Ross confirmed that Golar is working on front-end engineering and design work for BP with a view to using it FLNG model—using converted LNG carriers—on the Tortue/Ahmeyim development, which straddles the border between Senegal and Mauritania. That development could produce its first gas in 2021.

Golar is also involved in design for the proposed Delfin FLNG project in the Gulf of Mexico. Delfin LNG, a subsidiary of Fairwood Group, hopes to use four FLNG vessels offshore in Louisiana to produce up to 13m t/y of LNG from US shale gas. The company envisages shipping cargoes from around 2021, but has yet to take a final investment decision (FID) on the project.

Another proposed FLNG facility off Louisiana is the Main Pass Energy Hub, run by Oslo-based Global LNG Services, which has a license to export 24m t/y of LNG using two vessels based on GLS' own "Liqui-Max" design. This long-mooted project is now making some progress, In June, GLS said it had chosen Baker Hughes GE to provide turbine technology for the project. It also said its technology could produce LNG with capital expenditure of less than $400m per million t/y.

At the smaller end of the market, China's Wison was awarded a contract to work on a design for an FLNG facility to be used by Houston-based Western LNG. The firm is seeking to ship LNG based on reserves in British Columbia, western Canada, to Asian markets.

Wison built the 500,000 t/y Caribbean FLNG facility, a barge-based design for use close to shore. The vessel was delivered to Exmar in 2017, but it has yet to find a home after plans to use it in Colombia fell through.

In East Africa. Eni's 3.4m t/y Coral South FLNG facility—likely to produce Mozambique's first LNG exports in 2022—is being built at Keppel's Singapore yard.

Meanwhile, London-based New Age is seeking to develop FLNG projects in Cameroon and Congo-Brazzaville. First up is looks likely to be the Etinde project in Cameroon, where the company signed an agreement with the government in June to develop an FLNG project. New Age said it had awarded a contract to develop the project with a consortium led by SBM Offshore, in conjunction with JGC Corporation and Chinese partners. The company has targeted first production for 2022, but has yet to take an FID.

Proven technology

Chinese companies and money play a major role in several of these FLNG developments, either as investors or off takers. Golar has proved successful in tapping Chinese investors for its projects and New Age has been considering leasing arrangements for FLNG facilities that could be built in Chinese shipyards.

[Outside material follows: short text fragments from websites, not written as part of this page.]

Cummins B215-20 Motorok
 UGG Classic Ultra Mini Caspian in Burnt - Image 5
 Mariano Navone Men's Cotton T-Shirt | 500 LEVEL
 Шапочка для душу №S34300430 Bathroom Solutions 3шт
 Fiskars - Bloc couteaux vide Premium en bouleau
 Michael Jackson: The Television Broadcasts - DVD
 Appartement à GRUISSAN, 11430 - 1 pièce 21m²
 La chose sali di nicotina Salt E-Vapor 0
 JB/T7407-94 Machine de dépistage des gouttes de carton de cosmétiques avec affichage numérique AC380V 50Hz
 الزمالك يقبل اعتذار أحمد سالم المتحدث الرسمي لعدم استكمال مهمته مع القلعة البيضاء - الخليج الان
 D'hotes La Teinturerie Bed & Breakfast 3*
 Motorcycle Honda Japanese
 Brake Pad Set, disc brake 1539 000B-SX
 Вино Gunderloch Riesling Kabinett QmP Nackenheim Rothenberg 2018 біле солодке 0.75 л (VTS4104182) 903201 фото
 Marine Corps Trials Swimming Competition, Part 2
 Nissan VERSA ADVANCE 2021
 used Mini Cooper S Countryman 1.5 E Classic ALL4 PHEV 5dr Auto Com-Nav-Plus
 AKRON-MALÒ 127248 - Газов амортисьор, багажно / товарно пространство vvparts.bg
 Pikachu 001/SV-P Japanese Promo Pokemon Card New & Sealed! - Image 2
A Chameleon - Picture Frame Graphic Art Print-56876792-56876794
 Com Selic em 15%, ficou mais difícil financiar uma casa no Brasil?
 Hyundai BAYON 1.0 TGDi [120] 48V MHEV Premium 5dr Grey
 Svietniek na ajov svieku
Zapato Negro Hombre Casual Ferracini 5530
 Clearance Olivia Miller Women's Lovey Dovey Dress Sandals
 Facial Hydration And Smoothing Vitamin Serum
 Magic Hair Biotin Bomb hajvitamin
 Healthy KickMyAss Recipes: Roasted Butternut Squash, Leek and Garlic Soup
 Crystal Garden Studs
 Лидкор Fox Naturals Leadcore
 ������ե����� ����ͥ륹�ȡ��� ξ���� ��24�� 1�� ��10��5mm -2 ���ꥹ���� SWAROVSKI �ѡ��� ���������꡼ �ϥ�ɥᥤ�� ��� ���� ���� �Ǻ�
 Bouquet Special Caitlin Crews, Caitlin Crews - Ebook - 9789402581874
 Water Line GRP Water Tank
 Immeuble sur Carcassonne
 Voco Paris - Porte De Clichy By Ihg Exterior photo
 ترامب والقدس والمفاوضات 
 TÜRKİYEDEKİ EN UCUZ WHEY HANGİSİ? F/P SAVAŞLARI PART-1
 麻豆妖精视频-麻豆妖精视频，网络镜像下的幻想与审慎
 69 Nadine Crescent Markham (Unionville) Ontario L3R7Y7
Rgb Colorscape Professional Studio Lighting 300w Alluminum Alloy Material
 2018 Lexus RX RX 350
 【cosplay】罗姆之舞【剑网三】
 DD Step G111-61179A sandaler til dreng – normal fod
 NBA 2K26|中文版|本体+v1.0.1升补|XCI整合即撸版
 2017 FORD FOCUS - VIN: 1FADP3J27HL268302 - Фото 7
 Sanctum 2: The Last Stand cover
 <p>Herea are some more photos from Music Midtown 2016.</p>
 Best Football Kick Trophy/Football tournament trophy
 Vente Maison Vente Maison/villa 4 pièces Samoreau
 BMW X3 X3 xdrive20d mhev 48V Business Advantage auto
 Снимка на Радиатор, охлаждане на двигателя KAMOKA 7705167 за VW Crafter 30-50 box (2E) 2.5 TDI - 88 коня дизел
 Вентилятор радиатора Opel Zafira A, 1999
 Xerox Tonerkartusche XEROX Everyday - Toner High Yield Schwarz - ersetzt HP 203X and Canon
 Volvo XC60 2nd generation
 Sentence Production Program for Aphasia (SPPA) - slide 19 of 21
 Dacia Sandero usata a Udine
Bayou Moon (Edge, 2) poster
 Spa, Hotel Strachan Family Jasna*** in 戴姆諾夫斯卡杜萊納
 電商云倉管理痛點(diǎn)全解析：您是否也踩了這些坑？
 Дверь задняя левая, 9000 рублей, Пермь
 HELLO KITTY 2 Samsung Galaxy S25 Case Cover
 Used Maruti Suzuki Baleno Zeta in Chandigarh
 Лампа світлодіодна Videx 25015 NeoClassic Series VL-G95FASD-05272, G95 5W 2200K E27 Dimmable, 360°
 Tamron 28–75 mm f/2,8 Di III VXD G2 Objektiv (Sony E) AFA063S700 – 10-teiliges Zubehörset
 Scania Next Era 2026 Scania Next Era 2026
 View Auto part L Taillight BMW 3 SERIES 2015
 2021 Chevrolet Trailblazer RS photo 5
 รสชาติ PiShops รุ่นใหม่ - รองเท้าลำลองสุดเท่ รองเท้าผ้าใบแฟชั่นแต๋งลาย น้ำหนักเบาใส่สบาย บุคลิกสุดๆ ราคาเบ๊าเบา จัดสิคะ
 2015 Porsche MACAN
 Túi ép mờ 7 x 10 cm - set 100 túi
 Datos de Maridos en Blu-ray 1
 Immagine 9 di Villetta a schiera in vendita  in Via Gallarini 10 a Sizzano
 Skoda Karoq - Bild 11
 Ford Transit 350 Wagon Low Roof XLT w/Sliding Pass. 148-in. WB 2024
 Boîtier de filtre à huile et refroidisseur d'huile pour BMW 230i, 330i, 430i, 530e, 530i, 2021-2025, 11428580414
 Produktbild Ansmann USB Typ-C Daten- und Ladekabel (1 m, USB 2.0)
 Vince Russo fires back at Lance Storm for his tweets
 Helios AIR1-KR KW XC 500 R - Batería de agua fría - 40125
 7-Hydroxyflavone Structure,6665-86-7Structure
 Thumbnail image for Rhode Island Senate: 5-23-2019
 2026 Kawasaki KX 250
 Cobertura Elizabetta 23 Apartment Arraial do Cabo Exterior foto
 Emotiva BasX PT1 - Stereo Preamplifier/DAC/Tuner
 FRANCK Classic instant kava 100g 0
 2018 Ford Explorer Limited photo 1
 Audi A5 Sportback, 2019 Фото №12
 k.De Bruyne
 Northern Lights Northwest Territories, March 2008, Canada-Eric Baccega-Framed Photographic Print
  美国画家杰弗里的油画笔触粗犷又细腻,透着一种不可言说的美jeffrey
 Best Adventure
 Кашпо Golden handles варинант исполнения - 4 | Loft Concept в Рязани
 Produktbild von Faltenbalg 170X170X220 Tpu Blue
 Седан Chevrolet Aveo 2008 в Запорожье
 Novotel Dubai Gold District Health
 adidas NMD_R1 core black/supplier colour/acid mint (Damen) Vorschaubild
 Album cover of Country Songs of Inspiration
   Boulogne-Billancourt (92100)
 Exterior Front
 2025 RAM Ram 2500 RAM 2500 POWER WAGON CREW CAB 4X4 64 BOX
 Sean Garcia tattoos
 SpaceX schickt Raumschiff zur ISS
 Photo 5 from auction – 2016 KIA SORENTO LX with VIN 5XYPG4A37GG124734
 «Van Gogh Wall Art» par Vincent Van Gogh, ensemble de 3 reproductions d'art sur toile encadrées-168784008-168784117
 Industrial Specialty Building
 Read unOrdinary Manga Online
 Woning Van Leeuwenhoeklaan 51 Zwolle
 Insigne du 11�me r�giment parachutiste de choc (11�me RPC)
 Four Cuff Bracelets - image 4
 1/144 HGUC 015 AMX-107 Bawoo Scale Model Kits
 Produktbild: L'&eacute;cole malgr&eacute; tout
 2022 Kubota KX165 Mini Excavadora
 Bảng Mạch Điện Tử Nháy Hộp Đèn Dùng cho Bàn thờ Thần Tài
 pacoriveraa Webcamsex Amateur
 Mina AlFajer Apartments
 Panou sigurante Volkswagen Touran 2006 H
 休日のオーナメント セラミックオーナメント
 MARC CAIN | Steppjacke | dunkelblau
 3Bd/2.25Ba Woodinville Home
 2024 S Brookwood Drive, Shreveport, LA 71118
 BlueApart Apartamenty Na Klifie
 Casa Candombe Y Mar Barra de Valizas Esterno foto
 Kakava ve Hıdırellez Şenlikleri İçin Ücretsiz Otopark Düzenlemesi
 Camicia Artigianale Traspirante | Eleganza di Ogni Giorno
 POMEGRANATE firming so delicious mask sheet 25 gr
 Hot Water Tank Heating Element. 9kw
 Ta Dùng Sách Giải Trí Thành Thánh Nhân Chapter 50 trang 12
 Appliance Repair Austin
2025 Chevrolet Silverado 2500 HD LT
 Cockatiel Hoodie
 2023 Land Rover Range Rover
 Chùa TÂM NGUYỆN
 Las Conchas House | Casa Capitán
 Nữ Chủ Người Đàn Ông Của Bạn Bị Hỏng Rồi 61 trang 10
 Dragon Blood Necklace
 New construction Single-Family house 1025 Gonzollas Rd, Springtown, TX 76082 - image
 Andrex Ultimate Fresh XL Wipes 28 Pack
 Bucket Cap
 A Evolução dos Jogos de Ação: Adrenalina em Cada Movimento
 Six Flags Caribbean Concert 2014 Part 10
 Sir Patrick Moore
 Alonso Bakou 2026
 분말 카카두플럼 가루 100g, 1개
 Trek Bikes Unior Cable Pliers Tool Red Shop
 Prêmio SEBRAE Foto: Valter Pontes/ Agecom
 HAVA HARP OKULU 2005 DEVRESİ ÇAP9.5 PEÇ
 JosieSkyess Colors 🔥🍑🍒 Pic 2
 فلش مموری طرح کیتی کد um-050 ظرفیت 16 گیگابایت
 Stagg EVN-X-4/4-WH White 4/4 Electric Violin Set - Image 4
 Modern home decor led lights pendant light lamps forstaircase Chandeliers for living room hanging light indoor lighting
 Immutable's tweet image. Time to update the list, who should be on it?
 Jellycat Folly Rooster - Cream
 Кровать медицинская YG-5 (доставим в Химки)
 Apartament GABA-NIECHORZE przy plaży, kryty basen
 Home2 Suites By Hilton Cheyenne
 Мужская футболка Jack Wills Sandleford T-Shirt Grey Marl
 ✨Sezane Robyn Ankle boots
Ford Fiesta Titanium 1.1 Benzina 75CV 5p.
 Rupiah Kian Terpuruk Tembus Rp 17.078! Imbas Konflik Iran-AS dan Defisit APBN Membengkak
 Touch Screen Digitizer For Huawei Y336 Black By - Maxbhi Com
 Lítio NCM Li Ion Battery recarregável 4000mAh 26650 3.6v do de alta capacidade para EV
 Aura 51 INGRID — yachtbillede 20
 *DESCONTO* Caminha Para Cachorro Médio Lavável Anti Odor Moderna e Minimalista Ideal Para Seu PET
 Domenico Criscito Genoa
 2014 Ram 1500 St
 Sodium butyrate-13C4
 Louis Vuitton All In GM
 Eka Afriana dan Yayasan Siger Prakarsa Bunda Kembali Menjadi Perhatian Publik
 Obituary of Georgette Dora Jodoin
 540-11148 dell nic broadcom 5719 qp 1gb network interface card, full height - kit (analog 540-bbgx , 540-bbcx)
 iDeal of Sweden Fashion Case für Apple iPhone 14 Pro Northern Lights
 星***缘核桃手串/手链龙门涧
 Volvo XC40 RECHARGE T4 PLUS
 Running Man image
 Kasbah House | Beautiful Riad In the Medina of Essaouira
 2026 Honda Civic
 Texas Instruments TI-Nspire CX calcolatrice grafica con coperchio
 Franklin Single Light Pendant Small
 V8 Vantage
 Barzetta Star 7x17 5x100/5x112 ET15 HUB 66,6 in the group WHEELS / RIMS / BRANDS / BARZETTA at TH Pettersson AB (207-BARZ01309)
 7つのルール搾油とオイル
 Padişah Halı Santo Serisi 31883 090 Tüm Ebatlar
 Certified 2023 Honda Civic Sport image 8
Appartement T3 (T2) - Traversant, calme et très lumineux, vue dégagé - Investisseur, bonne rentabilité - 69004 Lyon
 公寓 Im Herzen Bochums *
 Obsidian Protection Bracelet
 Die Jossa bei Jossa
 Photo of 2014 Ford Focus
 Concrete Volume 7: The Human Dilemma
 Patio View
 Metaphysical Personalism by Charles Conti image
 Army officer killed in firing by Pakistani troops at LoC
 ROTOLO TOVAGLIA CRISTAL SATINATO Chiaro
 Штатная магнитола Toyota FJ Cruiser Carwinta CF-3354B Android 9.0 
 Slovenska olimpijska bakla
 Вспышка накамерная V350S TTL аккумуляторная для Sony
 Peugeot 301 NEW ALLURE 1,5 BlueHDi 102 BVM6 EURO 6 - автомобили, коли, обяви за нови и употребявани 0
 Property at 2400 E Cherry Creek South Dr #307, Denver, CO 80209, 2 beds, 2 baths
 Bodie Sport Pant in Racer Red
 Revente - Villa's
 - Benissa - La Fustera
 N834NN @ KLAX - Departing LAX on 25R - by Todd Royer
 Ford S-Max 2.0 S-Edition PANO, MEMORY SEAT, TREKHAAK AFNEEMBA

Meanwhile, Delfin's chief executive Frederick Jones told Reuters last November that it had agreed a preliminary 15-year sales deal with China Gas Holdings for 3m t/y from 2021 and that it was pursuing Chinese banks to finance the $8bn project.

However, the Fortuna FLNG project in Equatorial Guinea, which had looked likely to be the next project to come onstream, is now on hold, following a failure to agree terms with Chinese backers in 2017.

Operator Ophir had been developing Fortuna with OneLNG, a joint venture between Golar and Schlumberger, but the oilfield services giant pulled out in May this year, when no workable debt financing for the $1.2bn required could be put in place. Ophir is now under pressure from the Equatorial Guinea government to come up with a new plan.

"The bottleneck for FLNG is project financing, not the technology, which has been proven," says Westwood's Adeosun.

Golar has already awarded the contract to Singapore's Keppel shipyard to convert the Gandria LNG carrier into the FLNG facility for Fortuna. If Fortune can't be revived, that vessel may now be used on BP's Senegal/Mauritania project instead.